FONDEMOS VIEW

The Fondemos team was pleased to be invited to the Copenhagen Democracy Summit last Tuesday: a substantial day, high-calibre speakers, and four central themes: European defence and its strategic autonomy, the war in Ukraine, the role of AI in democracy and transatlantic dynamics.

The intensity of these discussions, and the centrality of the American question in particular, nonetheless overshadowed several essential issues, issues further removed from Europe’s immediate concerns, yet revealing of the way democracy is currently being thought about on the international stage.

Two blind spots stood out. The near-total absence of speakers from the African continent, even though many of today’s democratic struggles are taking shape there. And a systematically American-centred reading of these struggles on a global scale. Despite powerful interventions from well-known figures of the World Liberty Congress, Masih Alinejad, Leopoldo López, and the Cuban activist Carolina Barrero, the same impression kept resurfacing: that of an American centrality from which the fight for democracy can hardly escape.

On the diagnosis itself, however, there was little disagreement. Fondemos largely shares the assessments voiced on stage. Anders Fogh Rasmussen, President of the Alliance of Democracies, put it plainly: “the new battleground is on disinformation and destabilization.” Francis Fukuyama struck a converging note: “there is an alliance of autocracies: democracies must ally, otherwise they will be picked up one by one.”

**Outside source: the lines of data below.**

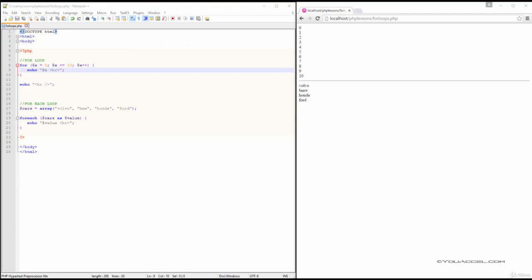In this lesson, we'll explore the FOR and FOREACH loop. The FOR loop is used when you know in advance how many times you want the code block to execute.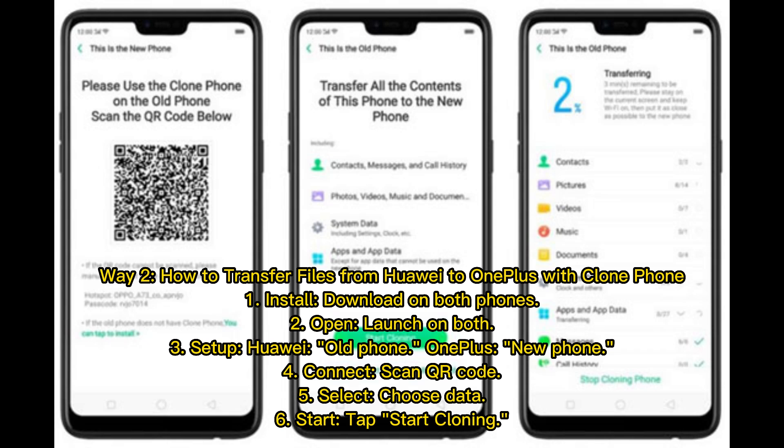Way 2: How to transfer files from Huawei to OnePlus with Clone Phone. 1. Install and download on both phones. 2. Open and launch on both. 3. Set up Huawei as old phone, OnePlus as new phone. 4. Connect by scanning QR code. 5. Select and choose data. 6. Start by tapping Start Cloning.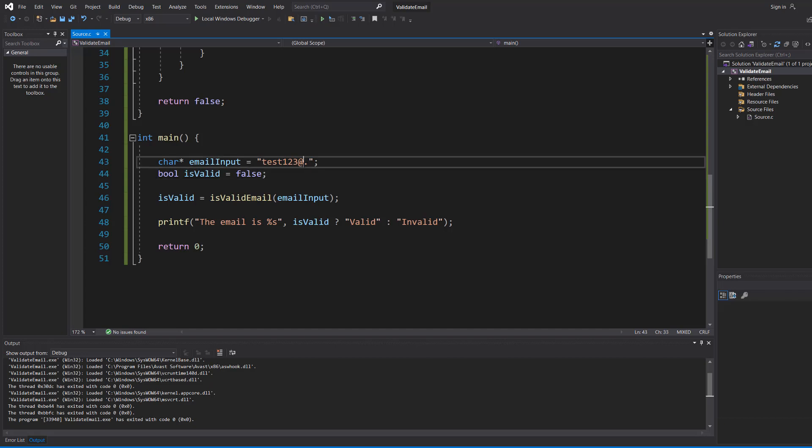So we have something between the at and the dot and maybe something after the dot. You can expand upon that validation or use a regex pattern. But for basic email validation to ensure the user doesn't accidentally input the wrong thing, this is good enough.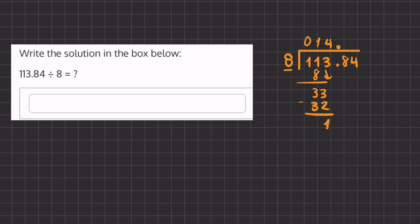get a remainder of 1. Now we can carry down this 8 and we'll ask ourselves how many times does 8 go into 18 and that is two times. 2 times 8 is 16 and so when we subtract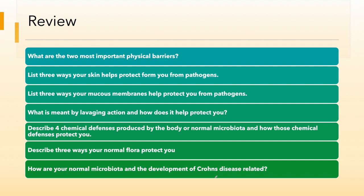So these are just some review questions that you can go over to review what we talked about in our chemical and physical barriers. What are the important physical barriers? How does your skin protect you? Three ways that mucous membranes protect you. Chemical defenses. Three ways your normal flora can help protect you. And how are your normal microbiota and the development of Crohn's disease related? I hope you enjoyed our lecture on physical and chemical barriers in the innate immune system. I will see you in part three.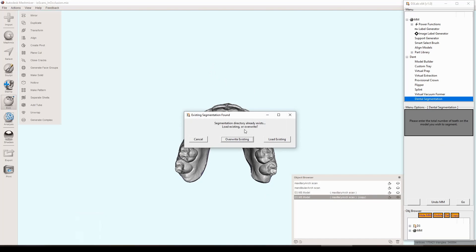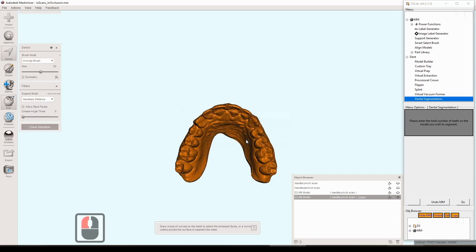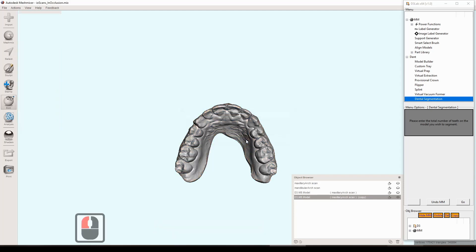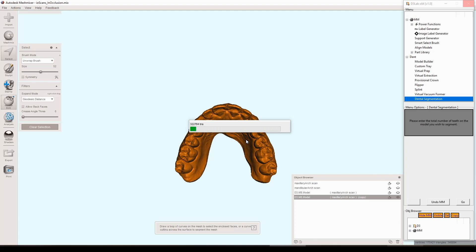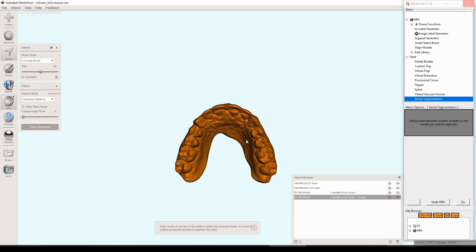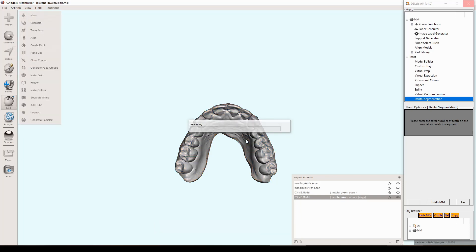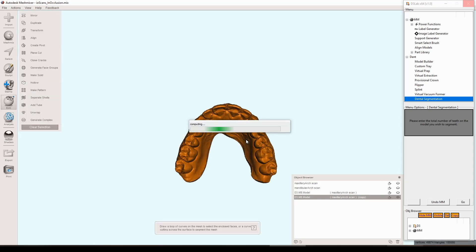This pop-up comes up and says there is already a segmentation, would you like to load it or overwrite what's already there. That's a nice feature if you've already done this before because this actually takes quite some time. If you've already done this on a model and it recognizes it based on the name, then you have the ability to just load that segmentation which cuts out a vast majority of the time.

Where Fondemos’s view diverges is on the response to be built. Through the choice of countries discussed and the tone of the interventions, rather accommodating of American influence, one and the same solution emerged between the lines: convincing the United States that it has an interest in becoming, once again, the driving force of the democratic camp.

Yet while democratic struggles will hardly succeed without Washington, neither can they be built in the wake of a single hegemonic actor. The alliance of democracies must be conceived as an alliance, precisely, and not as an American unipolarity towards which other countries and movements would gravitate.

If there is to be a coalition of the willing democracies, we must also make sure that these are genuine democracies, and that the agenda binding them together is built collectively rather than imposed by one.

As Leopoldo López reminded the room: “We created the World Liberty Congress to work together against autocrats.” Not to serve the interests of any single one. That is the nuance worth holding on to.